と言うものの、発言の状況もわからなければ、発言者固有の言葉遣いもわからないので、当方が書かれていると感じた趣旨が、正確な理解かどうか不明だし、用語解釈がどうなのかもわからない。
少なくとも、本書著者が、自身の独特の言葉遣いを維持しながら、寺沢氏の別種の放言が寺沢氏の意図通りに的確に理解できたことが不思議である。言いっぱなし、意味不明の放言であるから、「一般人が理解可能な日本語」に翻訳して欲しかったと思う。
*大和の考古学批判(p18)
続いて、「大和の考古学」に始まる放言は、考古学者は「山師」の類いであって、一山当てることだけ考えているから、論説は、すべて信用できない、と言っているように聞こえるが、それは、飲み屋での駄弁ならともかく、論議の場で言うべき事ではない。
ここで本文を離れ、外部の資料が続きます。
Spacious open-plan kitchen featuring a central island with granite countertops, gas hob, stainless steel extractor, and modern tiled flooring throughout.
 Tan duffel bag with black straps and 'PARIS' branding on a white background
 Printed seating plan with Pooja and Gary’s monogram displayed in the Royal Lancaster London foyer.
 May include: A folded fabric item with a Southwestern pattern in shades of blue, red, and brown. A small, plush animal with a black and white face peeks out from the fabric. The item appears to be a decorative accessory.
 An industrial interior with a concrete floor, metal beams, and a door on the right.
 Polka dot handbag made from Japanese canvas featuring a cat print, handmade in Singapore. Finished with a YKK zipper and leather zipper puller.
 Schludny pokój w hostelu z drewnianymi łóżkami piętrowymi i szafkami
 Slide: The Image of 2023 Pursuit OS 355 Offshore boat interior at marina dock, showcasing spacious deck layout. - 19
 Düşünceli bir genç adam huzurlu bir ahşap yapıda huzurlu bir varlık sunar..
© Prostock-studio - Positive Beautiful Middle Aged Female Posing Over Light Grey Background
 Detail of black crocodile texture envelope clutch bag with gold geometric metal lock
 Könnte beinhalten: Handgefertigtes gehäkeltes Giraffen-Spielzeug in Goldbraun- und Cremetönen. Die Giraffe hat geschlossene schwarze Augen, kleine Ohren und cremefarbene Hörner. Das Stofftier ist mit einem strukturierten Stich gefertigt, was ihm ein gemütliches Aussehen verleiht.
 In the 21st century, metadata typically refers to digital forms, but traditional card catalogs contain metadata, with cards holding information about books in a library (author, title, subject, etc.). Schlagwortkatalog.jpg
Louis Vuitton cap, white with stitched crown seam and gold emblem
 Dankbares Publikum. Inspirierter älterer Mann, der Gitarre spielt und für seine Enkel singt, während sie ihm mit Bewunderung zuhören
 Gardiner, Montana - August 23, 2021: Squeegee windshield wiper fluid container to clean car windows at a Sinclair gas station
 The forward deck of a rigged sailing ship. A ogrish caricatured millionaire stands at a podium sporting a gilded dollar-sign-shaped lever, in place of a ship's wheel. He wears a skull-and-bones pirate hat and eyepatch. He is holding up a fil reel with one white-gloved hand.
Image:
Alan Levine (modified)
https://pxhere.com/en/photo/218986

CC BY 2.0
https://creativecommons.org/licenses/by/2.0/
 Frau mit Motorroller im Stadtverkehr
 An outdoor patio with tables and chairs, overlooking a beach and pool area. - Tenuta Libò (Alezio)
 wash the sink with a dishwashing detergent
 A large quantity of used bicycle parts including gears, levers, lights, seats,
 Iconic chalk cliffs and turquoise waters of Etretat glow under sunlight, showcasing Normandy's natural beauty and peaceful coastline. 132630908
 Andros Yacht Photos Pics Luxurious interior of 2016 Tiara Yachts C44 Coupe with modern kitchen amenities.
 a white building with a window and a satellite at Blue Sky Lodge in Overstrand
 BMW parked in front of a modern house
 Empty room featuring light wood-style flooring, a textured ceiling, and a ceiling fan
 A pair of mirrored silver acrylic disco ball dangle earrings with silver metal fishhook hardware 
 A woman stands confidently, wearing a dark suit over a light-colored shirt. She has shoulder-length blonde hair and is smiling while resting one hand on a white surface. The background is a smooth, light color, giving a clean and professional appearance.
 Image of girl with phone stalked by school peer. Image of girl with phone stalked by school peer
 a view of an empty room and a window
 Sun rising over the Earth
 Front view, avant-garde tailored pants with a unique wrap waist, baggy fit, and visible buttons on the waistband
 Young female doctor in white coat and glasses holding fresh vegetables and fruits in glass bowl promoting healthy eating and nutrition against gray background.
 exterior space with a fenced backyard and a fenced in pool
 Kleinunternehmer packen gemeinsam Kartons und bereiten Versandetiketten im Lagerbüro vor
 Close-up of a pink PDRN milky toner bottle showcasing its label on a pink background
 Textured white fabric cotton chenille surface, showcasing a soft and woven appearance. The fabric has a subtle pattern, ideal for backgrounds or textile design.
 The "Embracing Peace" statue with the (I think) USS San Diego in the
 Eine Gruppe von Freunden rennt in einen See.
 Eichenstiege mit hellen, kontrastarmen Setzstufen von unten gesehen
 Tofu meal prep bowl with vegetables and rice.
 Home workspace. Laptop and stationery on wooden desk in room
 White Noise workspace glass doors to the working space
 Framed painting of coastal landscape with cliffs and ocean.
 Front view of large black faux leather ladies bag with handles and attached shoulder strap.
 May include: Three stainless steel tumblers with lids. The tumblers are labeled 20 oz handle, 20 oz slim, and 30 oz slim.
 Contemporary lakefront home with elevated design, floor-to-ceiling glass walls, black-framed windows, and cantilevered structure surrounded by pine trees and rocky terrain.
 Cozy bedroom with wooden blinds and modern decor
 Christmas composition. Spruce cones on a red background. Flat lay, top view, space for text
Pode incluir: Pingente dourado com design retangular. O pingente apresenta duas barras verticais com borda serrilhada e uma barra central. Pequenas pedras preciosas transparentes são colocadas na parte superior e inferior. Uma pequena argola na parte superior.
思いついたことを何でも言えばいいというものではない。動物園のゴリラが、投げつけるものがなくなったときに、来客に糞塊を投げ付けるようなものである。少なくとも、大の大人が口にすべきものではない。(といって、子供なら言ってもいいというものではない)
*考古学者の天敵
次項に示したように、著者は、考古学者全般に強い偏見を示しているので、考古学に関する発言は、一切、絶対に信用できないのである。
「証言」と称しても、証人が偏見に満ちていて、発言が不正確とわかっていたら、端から、証言は許されないのである。「証言」は、資格審査が証人の資格を確認した上で、証言台に立てるものである。通りがかりの野次馬の無責任な不規則発言は、無視されて当然なのである。
ここに不意打ちで登場する「天敵」は理屈抜きの「捕食者」であるから、論議の埒外である。現代文明に食人の風は無い。
そもそも、一人二人ではない考古学者全体の意見を、一人の、どこで出たかもわからない発言から読み取れるはずがないが、著者は、何故か、でかでかと取り上げて不思議である。ここまで書いたように、著者の日本語読解力は、ほぼゼロであるから書いたものも信用できないのである。その判定が、また裏付けられたと言うだけである。